16 voti a favore e 13 contrari: il Senato dell’Uruguay ha approvato così la legge sul controllo e il regolamento della marijuana. Il Paese sarà il primo al mondo, quindi, a legalizzare la produzione, la vendita e il consumo di tale sostanza. Questa, insieme alle leggi per “la legalizzazione e la promozione dell’aborto, l’equiparazione legale delle unioni omosessuali con il matrimonio e la fecondazione artificiale in tutte le sue forme, sono leggi che faranno affondare la famiglia uruguaiana”, ha scritto nel suo blog il vescovo della diocesi di Minas, mons. Jaime Fuentes.
Nell’articolo segnalato all’agenzia Fides dalla Conferenza Episcopale uruguaiana, il presule afferma che l’alternativa a questo “suicidio” approvato dalla legge sta nell’impegno per la formazione delle giovani generazioni ai valori autentici, partendo dall’ambito familiare. Propone quindi lo slogan “Per la famiglia, tutto è poco”, che – spiega – “significa che è necessario moltiplicare le iniziative per aiutare le giovani coppie prima che arrivino le difficoltà”. “Molte coppie – sottolinea infatti il vescovo – non vogliono avere nulla a che fare con il ‘diritto’ di abortire i loro bambini o di coltivare marijuana” e “noi li dobbiamo sostenere con entusiasmo, in quanto sono nella prima linea di una guerra che dobbiamo vincere”.

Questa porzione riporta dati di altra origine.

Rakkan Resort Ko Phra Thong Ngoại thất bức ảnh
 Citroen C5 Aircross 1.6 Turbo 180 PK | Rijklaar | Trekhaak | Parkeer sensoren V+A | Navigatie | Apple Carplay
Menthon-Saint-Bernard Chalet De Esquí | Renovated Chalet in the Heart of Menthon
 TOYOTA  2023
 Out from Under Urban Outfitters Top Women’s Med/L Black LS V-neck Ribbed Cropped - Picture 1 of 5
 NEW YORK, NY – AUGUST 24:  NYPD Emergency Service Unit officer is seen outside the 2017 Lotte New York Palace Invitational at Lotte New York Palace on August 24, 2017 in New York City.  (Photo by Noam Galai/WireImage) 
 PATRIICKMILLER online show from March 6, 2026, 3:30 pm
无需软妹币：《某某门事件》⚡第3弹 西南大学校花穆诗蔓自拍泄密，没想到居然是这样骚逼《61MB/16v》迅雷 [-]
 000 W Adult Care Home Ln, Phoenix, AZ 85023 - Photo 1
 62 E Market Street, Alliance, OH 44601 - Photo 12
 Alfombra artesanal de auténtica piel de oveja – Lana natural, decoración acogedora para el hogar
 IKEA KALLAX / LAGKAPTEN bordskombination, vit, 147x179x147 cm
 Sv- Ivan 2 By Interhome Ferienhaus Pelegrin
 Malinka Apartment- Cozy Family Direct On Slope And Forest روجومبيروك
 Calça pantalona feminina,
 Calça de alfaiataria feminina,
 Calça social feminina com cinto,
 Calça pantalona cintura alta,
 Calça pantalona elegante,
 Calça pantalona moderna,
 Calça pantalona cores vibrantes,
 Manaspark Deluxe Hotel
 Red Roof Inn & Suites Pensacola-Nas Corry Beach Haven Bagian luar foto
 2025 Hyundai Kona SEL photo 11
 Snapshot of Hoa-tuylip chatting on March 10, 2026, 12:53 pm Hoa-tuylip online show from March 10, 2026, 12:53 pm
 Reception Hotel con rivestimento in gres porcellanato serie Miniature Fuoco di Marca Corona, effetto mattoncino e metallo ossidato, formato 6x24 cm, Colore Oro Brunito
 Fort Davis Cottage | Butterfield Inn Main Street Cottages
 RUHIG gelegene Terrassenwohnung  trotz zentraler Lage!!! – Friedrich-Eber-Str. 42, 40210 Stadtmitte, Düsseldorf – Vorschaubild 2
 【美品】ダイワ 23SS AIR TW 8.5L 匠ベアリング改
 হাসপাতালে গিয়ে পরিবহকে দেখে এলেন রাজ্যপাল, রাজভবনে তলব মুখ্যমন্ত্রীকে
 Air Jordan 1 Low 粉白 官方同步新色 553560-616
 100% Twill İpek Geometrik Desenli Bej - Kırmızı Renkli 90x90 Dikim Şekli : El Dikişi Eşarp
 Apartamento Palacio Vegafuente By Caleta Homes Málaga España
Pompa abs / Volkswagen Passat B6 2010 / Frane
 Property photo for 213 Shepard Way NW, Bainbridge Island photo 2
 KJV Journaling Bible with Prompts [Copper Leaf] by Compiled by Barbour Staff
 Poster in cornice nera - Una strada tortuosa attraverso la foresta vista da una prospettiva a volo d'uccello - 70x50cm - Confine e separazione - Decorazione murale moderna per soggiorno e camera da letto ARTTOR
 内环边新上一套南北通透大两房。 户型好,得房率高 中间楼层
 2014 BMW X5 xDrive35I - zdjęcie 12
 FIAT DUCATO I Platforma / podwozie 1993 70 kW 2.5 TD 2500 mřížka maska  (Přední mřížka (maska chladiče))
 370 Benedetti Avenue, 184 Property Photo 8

La legge, informa Fides, consentirà alle persone di età superiore ai 18 anni la coltivazione domestica di cannabis fino a sei piante, con un massimo di 480 grammi di produzione annua. Inoltre potrà essere coltivata da associazioni o cooperative, formate da 15 a 45 soci, con un massimo di 99 piante. La vendita avverrà nelle farmacie autorizzate: ogni compratore, che dovrà prima registrarsi in un registro obbligatorio, ne potrà acquistare un massimo di 40 grammi al mese. Ora manca solo la promulgazione del governo perché il progetto diventi legge.
Tra le reazioni internazionali alla norma da poco approvata, la più energica è stata quella dell’UNODC, l’ufficio Onu contro la droga e il crimine, secondo il quale – riferisce l’agenzia Misna – la legge “viola la Convenzione del 1961 sui narcotici” che Montevideo ha sottoscritto e che contempla l’uso della marijuana solo a fini medici e scientifici. Il capo della Giunta internazionale per il controllo degli stupefacenti, Raymond Yans, si è detto “sorpreso” che il governo del Presidente José ‘Pepe’ Mujica “abbia deciso liberamente” di ignorare le disposizioni del trattato in questione, esortandolo a rispettarle. A fargli eco, il portavoce dell’UNODC, che ha osservato: “E’ increscioso che in un momento in cui il mondo è immerso in una continua discussione sul problema mondiale delle droghe, l’Uruguay agisca prima della sessione speciale dell’Assemblea generale dell’Onu prevista per il 2016”.
Dure dichiarazioni anche da parte degli degli Stati Uniti. “Dipende dal popolo dell’Uruguay decidere quali politiche sulle droghe sono le più appropriate ma come qualsiasi altro Paese l’Uruguay ha l’obbligo di rispettare i suoi impegni internazionali” ha rimarcato il Dipartimento di Stato in una nota diffusa nei giorni scorsi. Persino il Paraguay – da cui peraltro proviene la stragrande maggioranza della cannabis consumata in Uruguay e nella vicina Argentina – ha criticato il suo socio nel Mercosur (Mercato comune sudamericano), attraverso le affermazioni del ministro della Segreteria nazionale antidroghe (Senad), Luis Rojas, che ha detto: “Legalizzando la marijuana in Uruguay sotto il presunto controllo dello Stato consoliderà la tendenza all’aumento del consumo di questa e altre droghe e stimolerà l’importazione clandestina dal Paraguay, la cui erba è una delle migliori e meno costose”.